The most heartrending passages of Golden’s story, which was drawn from a two-thousand-page confidential Army file provided by an anonymous source, describe the death by torture of a slight, shy, illiterate young Afghan villager who was shackled by the wrists to the wire ceiling of his cell for days, struck more than a hundred times in one day for the amusement of captors who found his agonized screams of “Allah!” funny, and beaten on the legs until the tissue, in a coroner’s words, “had basically been pulpified.” By the time he died, most of his interrogators had concluded that he was guiltless. In common with the Abu Ghraib case and others, only a few lower-ranking officers and (especially) enlisted soldiers have been disciplined in connection with this and other abuses at Bagram.
The indulgence of this sort of depravity goes to, and comes from, the top. President Bush pushed aside the Geneva Conventions. A memo prepared on the order of his White House counsel, now Attorney General, suggested limiting the definition of torture to acts that bring on “organ failure.”

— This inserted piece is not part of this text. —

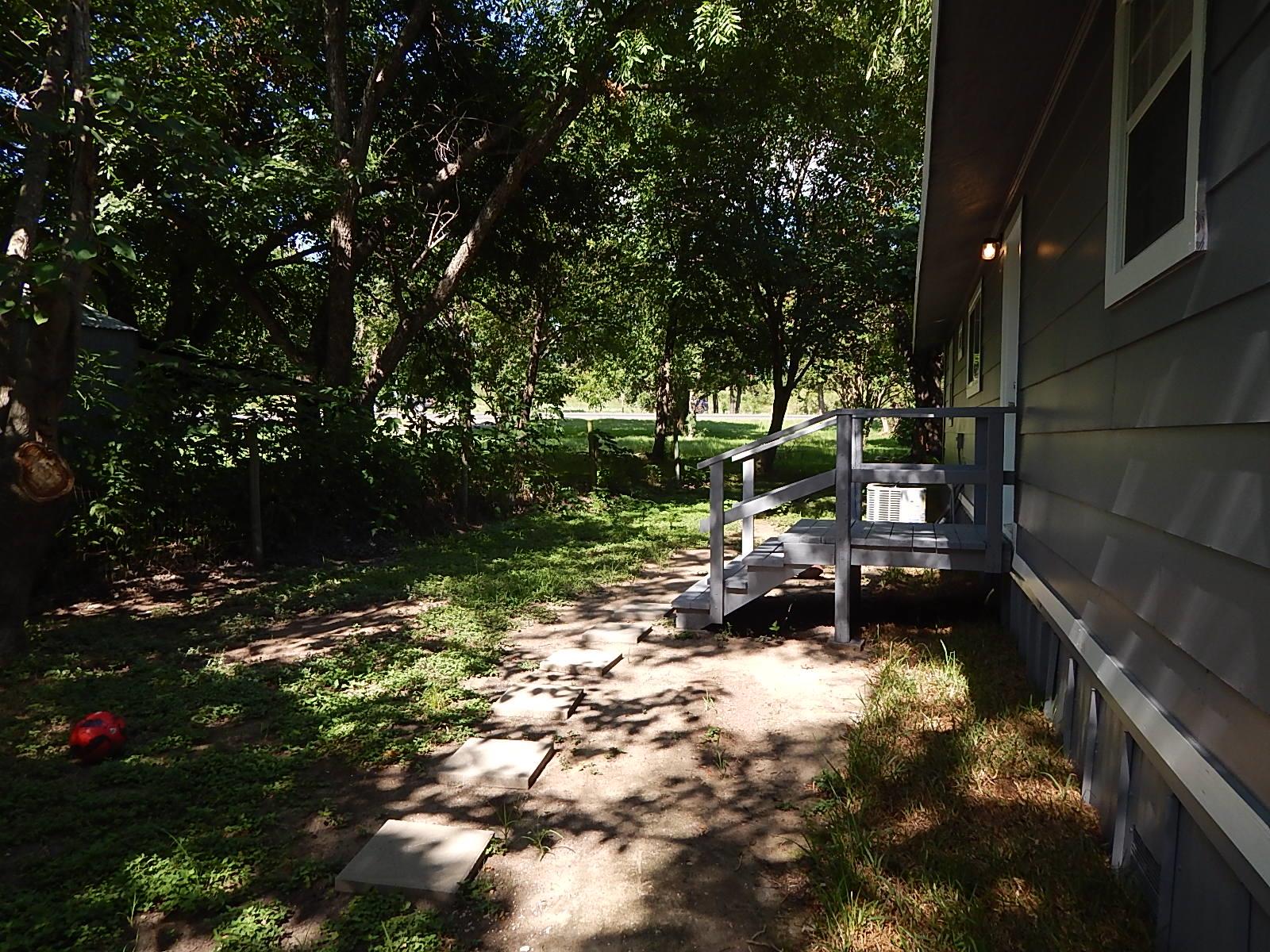 1510 Gordon St Street Bastrop TX 78602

The people that do these things did not come from outer space. They came from next door. They are us and we have become torturers.
Read the whole column.
Hertzberg points out that arguing about the reliability of Newsweek sources, when we know it is a fact that we are torturing people, is nonsensical. Bush and his foot soldiers are astonishingly adept at fogging the lenses. We wander bamboozled again in never never land.